For some time she thought of her past, of her life in this house with a strong and possessive father who had made her, in her turn, as strong and possessive as he. Then, tiring of this, she began to think of Bradley Cannon, whom she wished to possess.
She became aware after a long while that the light was fading outside the window, the poplars along the drive slim and wavering shadows in descending dusk. She had not heard her father in the house since his departure, and this was odd, she thought, for he was not a quiet man, and the light had surely been too weak for shooting for some time.
Going into the hall, she walked down to her father’s room and knocked. There was no response, so she went on downstairs to the kitchen, where she was told by the cook and the maid that her father had not returned!
She left the kitchen by the back door and walked across a wide yard to a barn that had little purpose except to house the cars. She was standing at a corner of the barn peering across fading fields when she saw two men approaching along a fence with a burden between them. The men were hunters, as it turned out, and the burden was Daniel Jorgensen, who was dead.
At first she thought that he had been shot accidentally, but this was not true. He had simply dropped dead in a field and had lain entangled in a thicket until the pair of hunters had come along to find him.
Later in his room, where she had him carried, she stood beside his bed and tried to summon grief and a feeling of definitive loss, but she was curiously empty and inept, as if she had been caught unprepared for a performance. She had difficulty, now that his eyes were closed and his face set, in convincing herself that he had ever been alive to her in any real sense.
She buried her father three days later, and two days after that returned to Peermont and withdrew as a student. She called Brad in the evening and asked him to come and see her, which he did. They walked that evening across the campus of Peermont and sat in chill darkness for almost an hour on the stone steps of the library.
“What are you going to do now?” he said.
“First,” she said, “I’m going home and arrange for the sale of all the property there. I don’t want to keep it, now that father’s dead.”
“Are you sure that’s the wise thing to do?”
“Yes. You can be assured I’ll get everything out of it that it’s worth, and probably more. There won’t be as much money for me as most people think, but there will be plenty. About a million, I’d guess.”
“Where are you going afterward?” he asked with real interest.
“I’m coming back here and buy a house near the campus. I like it here. It’s the most pleasant place I know to live. I may live here the rest of my life. I don’t know. I’ll see how it works out.”
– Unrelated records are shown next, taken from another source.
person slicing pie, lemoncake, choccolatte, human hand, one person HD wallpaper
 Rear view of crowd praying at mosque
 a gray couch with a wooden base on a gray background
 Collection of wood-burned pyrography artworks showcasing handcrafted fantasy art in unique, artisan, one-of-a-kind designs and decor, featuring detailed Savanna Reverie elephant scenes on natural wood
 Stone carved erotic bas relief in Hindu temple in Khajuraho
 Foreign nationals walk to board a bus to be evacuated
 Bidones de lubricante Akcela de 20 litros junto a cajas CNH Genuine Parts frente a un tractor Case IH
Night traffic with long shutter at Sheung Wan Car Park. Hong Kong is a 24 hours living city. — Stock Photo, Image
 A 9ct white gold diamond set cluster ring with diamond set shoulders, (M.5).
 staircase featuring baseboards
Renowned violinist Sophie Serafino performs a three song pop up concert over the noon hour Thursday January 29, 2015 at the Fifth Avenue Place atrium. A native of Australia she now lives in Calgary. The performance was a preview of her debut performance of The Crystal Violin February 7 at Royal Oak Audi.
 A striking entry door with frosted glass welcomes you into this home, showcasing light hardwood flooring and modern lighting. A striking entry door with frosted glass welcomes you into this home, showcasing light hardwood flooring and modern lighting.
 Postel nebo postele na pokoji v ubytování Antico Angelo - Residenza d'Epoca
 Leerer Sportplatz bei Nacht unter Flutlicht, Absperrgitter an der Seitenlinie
“I’m terribly sorry this has happened, Maddy.”
“Are you? I’m not sure that I am. I’ve tried to analyze my feelings, and I’m not sure. I don’t seem to feel any particular sorrow.”
“You’ve had a shock, that’s all. You’re alone now, aren’t you? Will you be living alone in the house you buy?”
“I don’t know.” She turned on the stone step and looked at him levelly in the darkness. “That depends on you.”